Pour une Europe militaire

Le chemin est encore long vers un consensus européen concernant la PESD. Frileuse, la Grande-Bretagne, grande force militaire européenne, s’imagine assez mal se détacher de son partenaire américain. Aucune participation de sa part à l’Eurocorps. Une Europe militaire ? Est-ce la volonté des citoyens européens ? Les sondages semblent aller dans ce sens : selon l’Eurobaromètre spécial élections européennes de 2009, les Européens pensent à 36 % qu’une politique de sécurité et de défense permettant à l'UE de faire face aux crises internationales devrait être prioritaire (avant une protection renforcée du consommateur et de la santé publique ou une lutte efficace contre le changement climatique)

C’est dans un endroit un peu plus chaleureux que je rencontre Roger Strelbicki, le président de l'association du Mouvement de la Paix Bas Rhin. Sur son revers de veste, il porte un pin’s en forme de colombe, à l’image de son engagement pacifiste. Roger Strelbicki est contre l’industrie de l’armement, contre l’Eurocorps et l’Otan, selon lui « des instruments de guerre ». Il est pour la suppression du budget militaire, pour la disparition des armées, pour le désarmement nucléaire, pour « l’Europe de la défense oui, mais la défense de la vie des gens. La défense de la vie n’est pas une défense avec des armes », développe-t-il, déplorant la passivité des partis politiques « pas capables de se battre jusqu’au bout ».

Vers un Erasmus dans l’armée ?

Regroupé avec diverses associations, le Mouvement de la Paix faisait parti du collectif anti-Otan de Strasbourg. Il revendique des manifestations pacifistes, et dénonce : « Les CRS ont laissé faire les casseurs et c’est nous que l’on a accusé et qui avons écopé. Ils ont tout fait pour empêcher le déroulement de notre manifestation : humiliations, contrôles des papiers, bombes lacrymogènes… Le véritable adversaire pour les dirigeants des Etats guerriers, c’est le mouvement anti-guerre qui grandit, et est en mouvement continuel. C’est pourquoi ils font tout pour nous discréditer. » L’augmentation du budget militaire, la création d’un marché commun de l’armement, l’investissement dans la recherche : ce ne doit pas être ça les objectifs de l’Europe future selon cette association sexagénaire.

« Les vrais ennemis ce sont les catastrophes naturelles »

Sandrine Bélier, tête de liste du rassemblement Europe Ecologie pour la circonscription Est en France, considère, elle, l’Europe de la défense comme une question secondaire : « Les vrais ennemis ce sont les catastrophes naturelles. » « Ce n’est pas d’une force armée dont on a besoin.

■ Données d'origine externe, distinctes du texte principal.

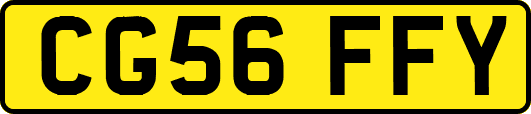CG56FFY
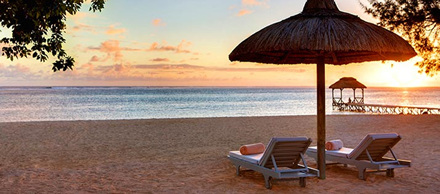 _~_media_Outrigger-Images_Property_outrigger-mauritius-resort-and-spa_hero-714x314_outrigger-mauritius-resort-and-spa-beach-chairs-714X314.jpg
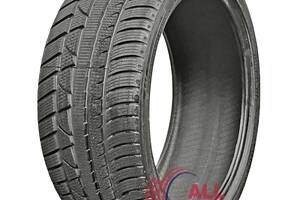 Шини Leao Winter Defender UHP 235/45 R18 98V XL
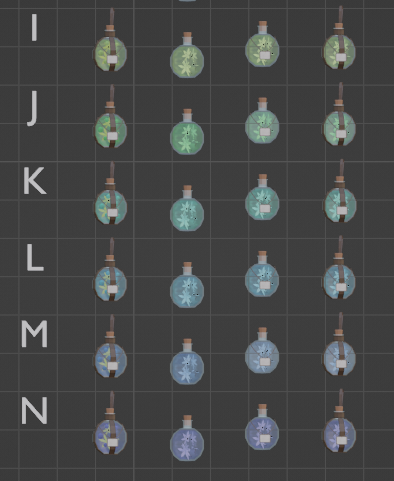61e6c1119554da52b8905d2e1ec82ba8_082839.png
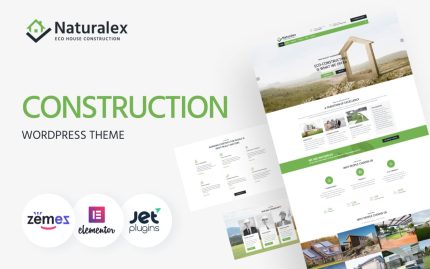 Naturalex construction multipurpose classic wordpress elementor theme.jpg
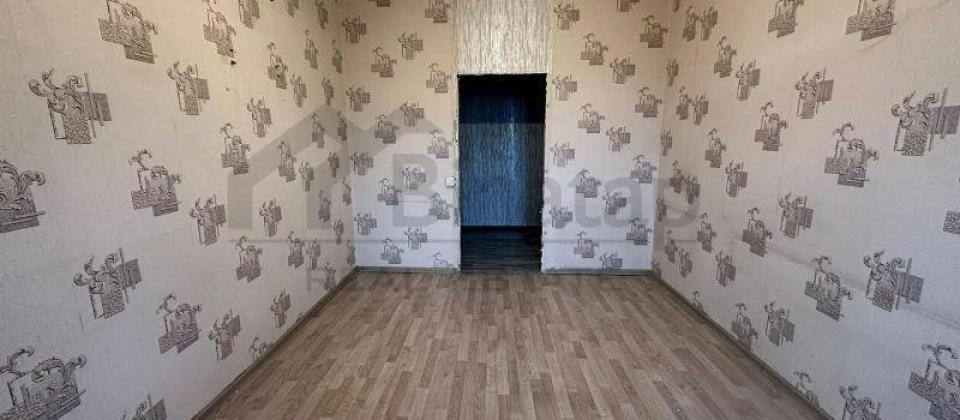 Yeni Yasamal, Esed Ehmedov kuchesinde 2 otaqli menzil satilir/52 kv.m. - 2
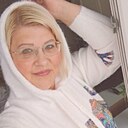 Светлана, 54 года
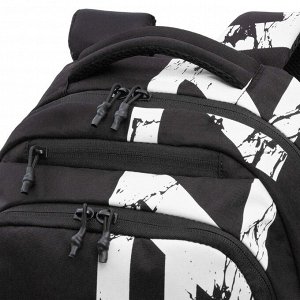 Школьный рюкзак GRIZZLY для мальчика 5-11 класс
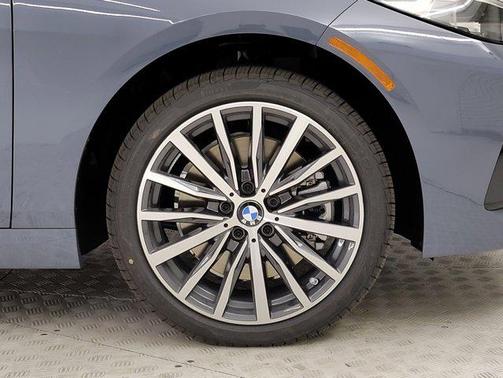 2024 BMW 228 Gran Coupe i sDrive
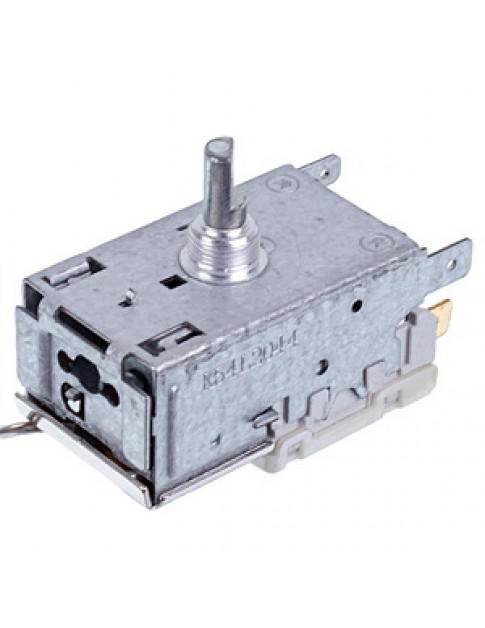 Термостат K54-L2044 капіллярний 100см для холодильника 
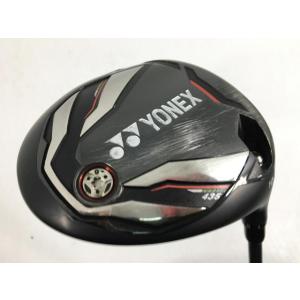 YONEX（ヨネックス） 即決 お買い得品！中古 NANO V ネクステージ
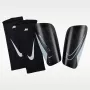 Nike Mercurial Lite Schienbeinschoner Schwarz DN3611-010 Größe S
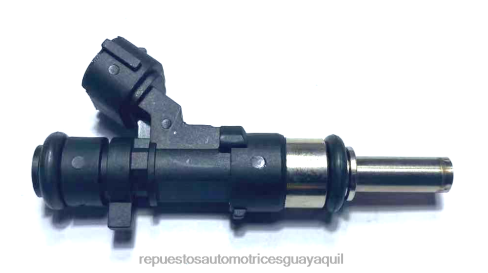 X8FFD2417 Repuestos De Motos En Guayaquil Ecuador | inyector de combustible 1465a029 MITSUBISHI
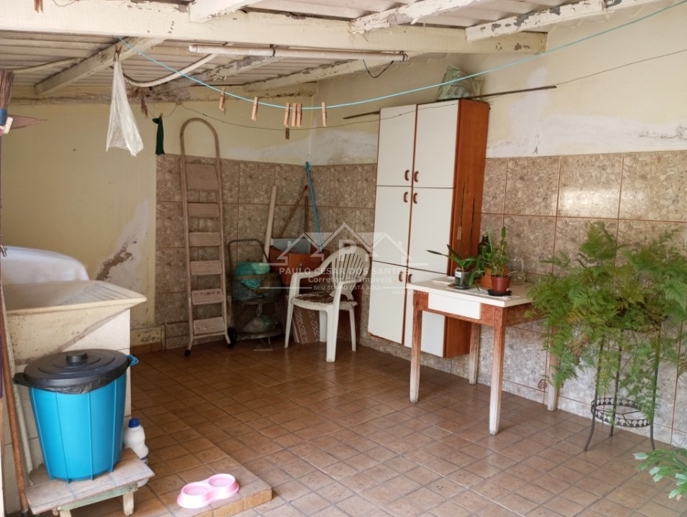 Casa com 3 Quartos à Venda, 129,00 m² - Foto 17
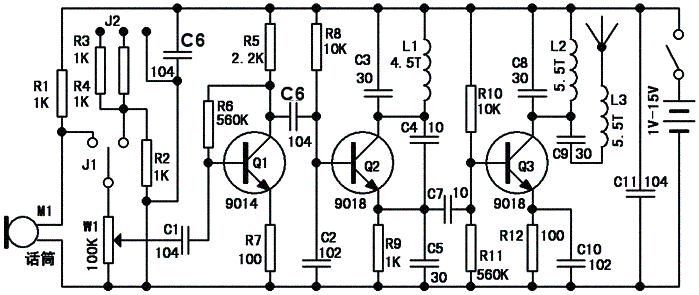 在新窗口打開查看！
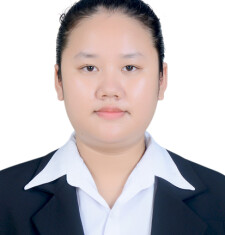 Ms. Yim Mouyheak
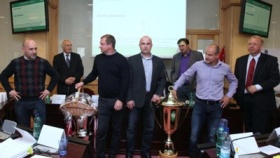 zdroj: archiv Metropolu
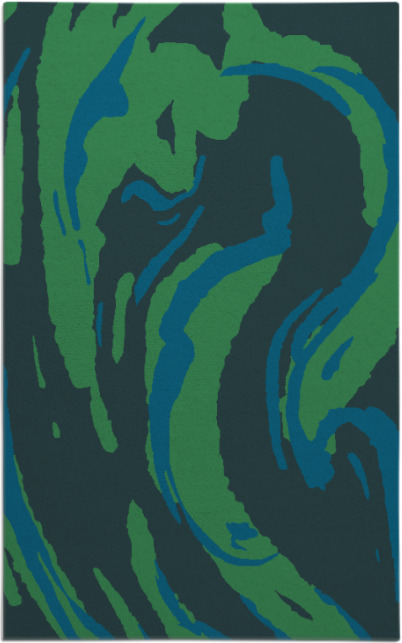 maelstrom rug - item 1341851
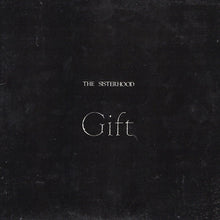 Load image into Gallery viewer, The Sisterhood : Gift (LP, Album)
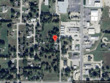 211 n lincoln st, garnett,  KS 66032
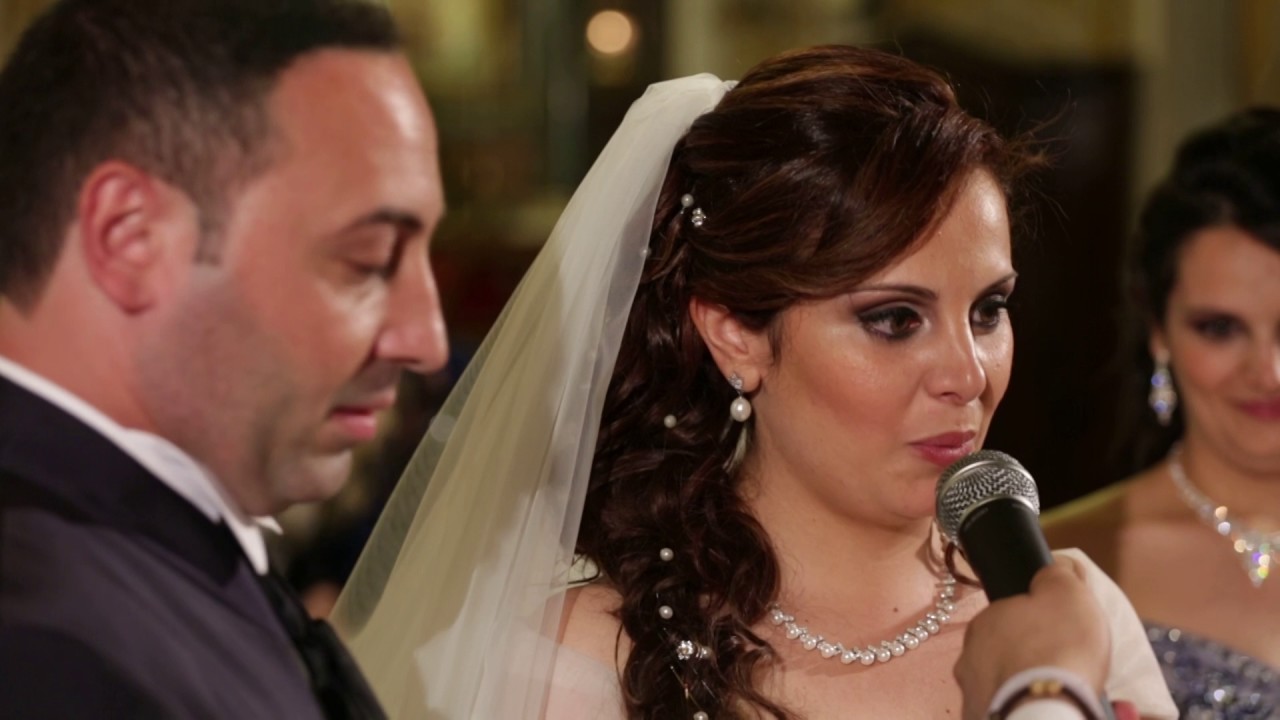 FOTO EXPRESS TRAILER MATRIMONIO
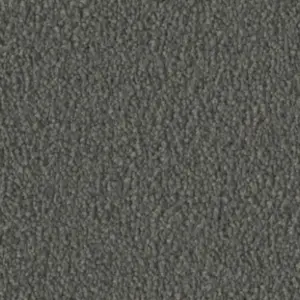 Vorwerk® Fascination, Violetta - 55A0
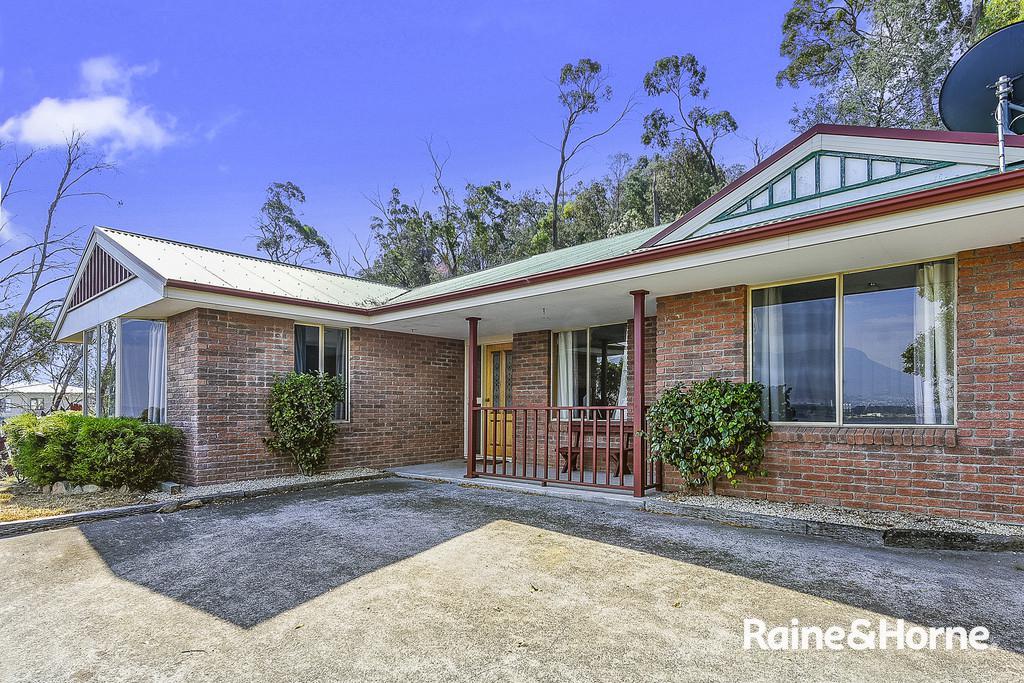 13 Grevillea Ave, Old Beach, TAS 7017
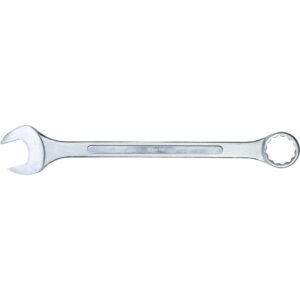 Tactix Combination Spanner 48mm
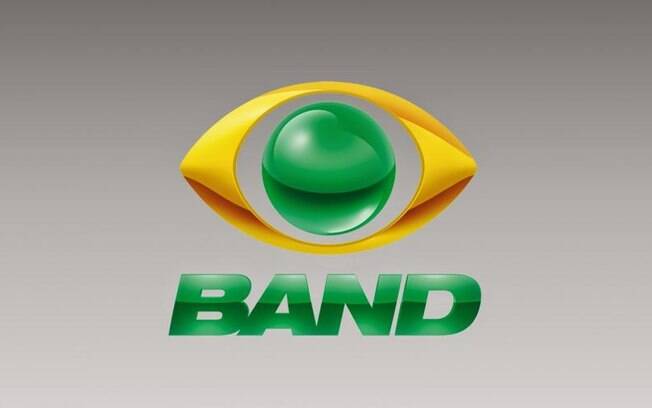 Band TV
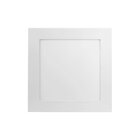 10 Painel De Led Save Energy Quadrado De Sobrepor 20w Bivolt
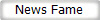 Download Realplayer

Il faut repenser une défense civile propre à l’UE. » Ainsi les Verts prônent la création d’un Corps civil européen de paix intervenant en amont, pour prévenir les conflits. Armée ou pas armée, il y a un projet qui est bien en marche : celui de la création d’un Erasmus militaire, pour « former les chefs militaires de demain à comprendre, apprécier, aimer et défendre ce que nous avons en commun, comme ce qui nous distingue », explique Jean-Marie Bockel, secrétaire d’Etat à la défense et aux anciens combattants.